After Dobbs: History, Tradition, and the Uncertain Future of a Nationwide Abortion Ban.

AuthorTang, Aaron

Table of Contents Introduction I. History and Tradition in Dobbs II. What Dobbs Got Right--And the Case Against a Federal Statutory Abortion Ban A. How Dobbs Undermines a Federal Abortion Ban B. Counterarguments 1. Counterargument 1: The mere absence of state criminal prohibitions does not create a fundamental liberty interest 2. Counterargument 2: Post-ratification abortion laws from the mid-nineteenth century override history as of the Fifth Amendment 3. Counterargument 3: Recognizing a Fifth Amendment right to pre-quickening abortion would violate the rule against "dual-track" rights 4. Counterargument 4: The one and only substantive due process clause C. Implications for the History & Tradition Test III. What Dobbs Got Wrong--And the Case Against Fetal Personhood A. Correcting the Record: Three-Quarters of States Did Not Ban All Abortions When the Fourteenth Amendment Was Ratified 1. Nine states where specific evidence undermines the Dobbs majority's conclusion 2. Three states where circumstantial evidence undermines the Dobbs majority's conclusion B. The Historical Case Against Fetal Personhood Conclusion Introduction

Thirty-one years ago, in Planned Parenthood of Southeastern Pennsylvania v. Casey, Justice Harry Blackmun warned that "[a]ll that remained between the promise of Roe and the darkness of [overruling it] was a single, flickering flame." (1) That flame has now been extinguished. After relentless pressure from antiabortion groups, a conservative Supreme Court majority has overruled Roe and Casey in the most consequential case in modern history, Dobbs v. Jackson Women's Health Organization. (2)

Anti-abortion groups are far from finished. (3) To them, the ruling is only the "end of the beginning of the end of abortion." (4) Because "this first step has been taken" in Dobbs, one anti-abortion commentator wrote on the day of the decision, "now the work begins anew." (5) The object of this work is no secret: an America in which abortion will be banned everywhere and at any point in pregnancy. (6) Not only would pregnant people in red states where abortion is illegal be unable to travel to blue states to obtain care, but anyone who seeks the procedure anywhere in America--even in the most pro-choice states--would have to leave the country. As a pair of anti-abortion advocates put it, "Dobbs is not the end of the pro-life struggle"; the end is outright "abortion abolitionism." (7)

Anti-abortion groups are currently mobilizing around two strategies to bring such a day about. The first involves an Act of Congress that would ban all abortions.
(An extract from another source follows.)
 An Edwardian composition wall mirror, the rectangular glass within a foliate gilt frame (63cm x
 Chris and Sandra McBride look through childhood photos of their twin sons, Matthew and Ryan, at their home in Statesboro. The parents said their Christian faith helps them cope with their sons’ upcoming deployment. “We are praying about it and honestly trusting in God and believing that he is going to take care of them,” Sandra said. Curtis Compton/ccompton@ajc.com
Although such a bill would fail in the current Congress, the picture would be vastly different if Republicans are able to capture the House, Senate, and White House in 2024. Indeed, more than 160 Republicans in the House have already co-sponsored a total federal abortion ban. (8) More pressingly, anti-abortion groups have recently pushed the argument that federal law already bans the mailing of any item used in abortion under the Comstock Act of 1873--an argument one federal judge has embraced. (9) The second strategy involves the Supreme Court adopting a constitutional rule of fetal personhood, defining an unborn fetus as a "person" whose life states would be bound to protect under the Fourteenth Amendment. (10) A test case has already been filed raising this precise claim. (11)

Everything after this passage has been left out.